Emails go out successfully.
I am looking to lock this down, so I have first created a VPC endpoint, that allows SMTP traffic from the entire VPC. This too works without issue.
Finally, I want to only allow email to be sent via this endpoint, and as such want to have the SES Authorization policy to accept email sending from the local VPC range (10.204.0.0/16 for example). This is to ameliorate for any leaked credentials so bad actors cannot send emails impersonating our domain just because they have some SES access.
I cannot filter by aws:SourceIp
as this only works for public IP addresses.
As such, is this even possible or do I have to allow for the possibility (however unlikely that is) that leaked credentials could allow external actors to send as our verified domain?
Amazon SES can use SMTP credentials, which essentially means SES is connected to the internet & is theoretically public by nature.

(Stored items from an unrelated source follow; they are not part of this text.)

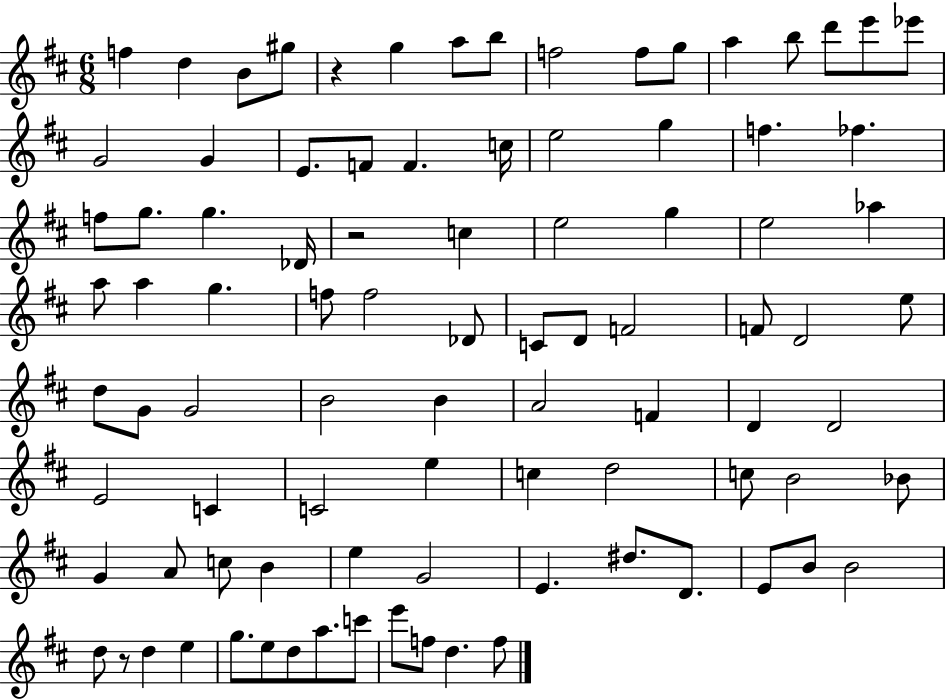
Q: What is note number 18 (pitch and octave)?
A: E4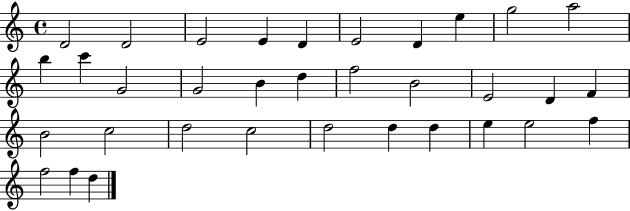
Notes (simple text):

D4/h D4/h E4/h E4/q D4/q E4/h D4/q E5/q G5/h A5/h B5/q C6/q G4/h G4/h B4/q D5/q F5/h B4/h E4/h D4/q F4/q B4/h C5/h D5/h C5/h D5/h D5/q D5/q E5/q E5/h F5/q F5/h F5/q D5/q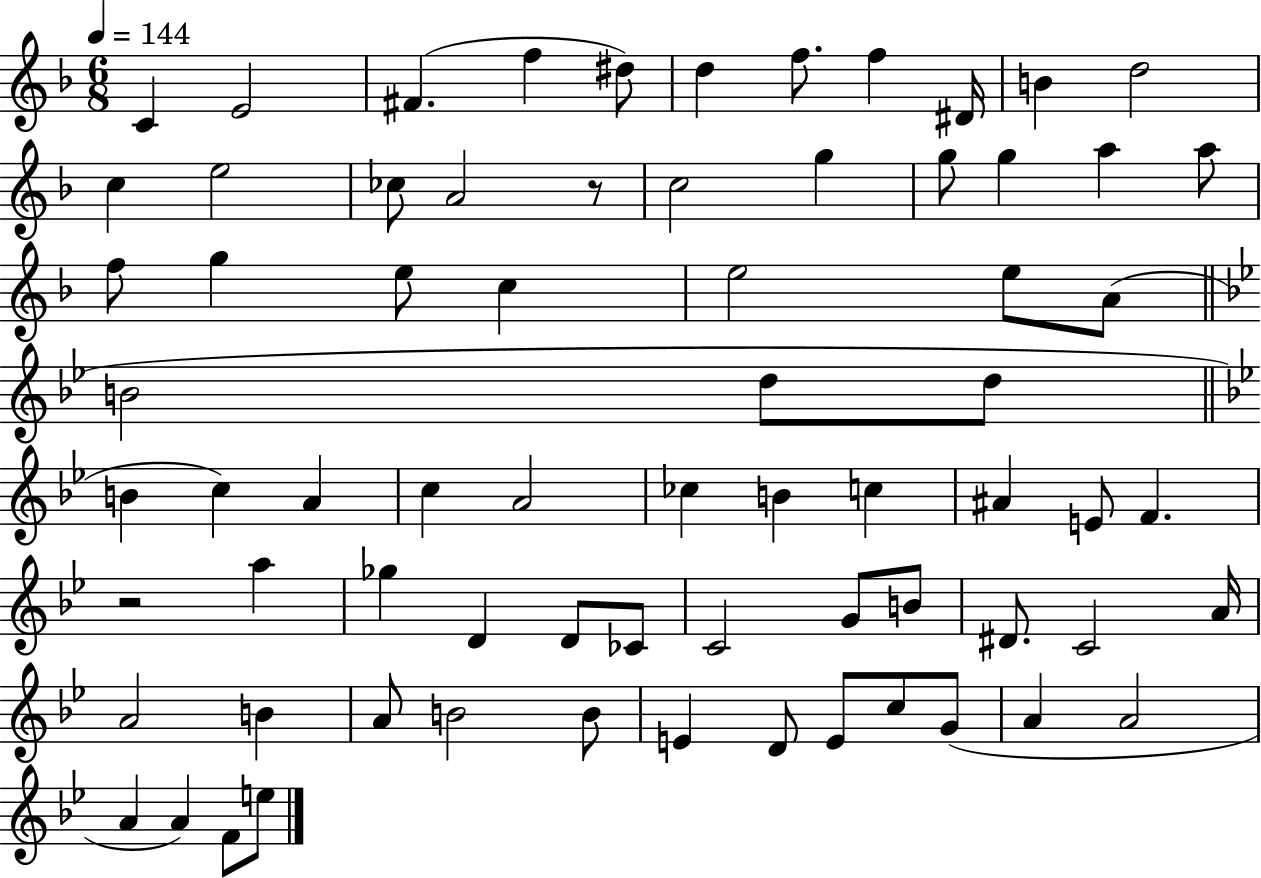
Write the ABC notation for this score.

X:1
T:Untitled
M:6/8
L:1/4
K:F
C E2 ^F f ^d/2 d f/2 f ^D/4 B d2 c e2 _c/2 A2 z/2 c2 g g/2 g a a/2 f/2 g e/2 c e2 e/2 A/2 B2 d/2 d/2 B c A c A2 _c B c ^A E/2 F z2 a _g D D/2 _C/2 C2 G/2 B/2 ^D/2 C2 A/4 A2 B A/2 B2 B/2 E D/2 E/2 c/2 G/2 A A2 A A F/2 e/2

While you can restrict IAM users & roles from using the Amazon SES API, there's no way you can restrict someone from connecting to any of the Amazon SES endpoints to abuse your SMTP server using stolen credentials. This is how the SMTP protocol works by design - using credentials.
It has no idea of a VPC IP range.
While you can't prevent leaked credentials from being used, you can monitor your Amazon SES sending activity & perhaps use CloudWatch alarms to notice any suspicious behaviour to be more reactive in case leakage happens.

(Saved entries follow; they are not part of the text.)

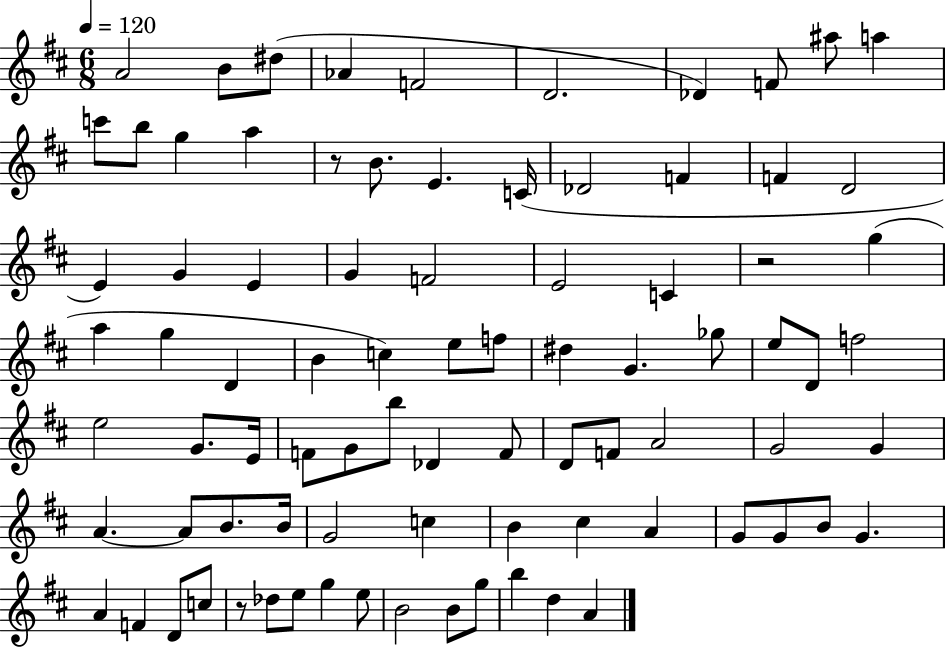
X:1
T:Untitled
M:6/8
L:1/4
K:D
A2 B/2 ^d/2 _A F2 D2 _D F/2 ^a/2 a c'/2 b/2 g a z/2 B/2 E C/4 _D2 F F D2 E G E G F2 E2 C z2 g a g D B c e/2 f/2 ^d G _g/2 e/2 D/2 f2 e2 G/2 E/4 F/2 G/2 b/2 _D F/2 D/2 F/2 A2 G2 G A A/2 B/2 B/4 G2 c B ^c A G/2 G/2 B/2 G A F D/2 c/2 z/2 _d/2 e/2 g e/2 B2 B/2 g/2 b d A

Also be proactive to prevent leaking in the first instance - storing SMTP credentials in a locked-down AWS Parameter Store, only giving one main IAM SMTP user the permission to carry out the ses:SendRawEmail
action at a time etc.
The combination of high levels of monitoring, tight restrictions on what application has access to the SMTP credentials at what time, constant rotation of the IAM SMTP user and thus SMTP credentials and general security awareness should hopefully prevent leakage of your credentials and if the worst does happen, the above actions should reduce the time to detect & the blast radius so to speak.
Thank you for trying to apply security at all layers & preparing for security events!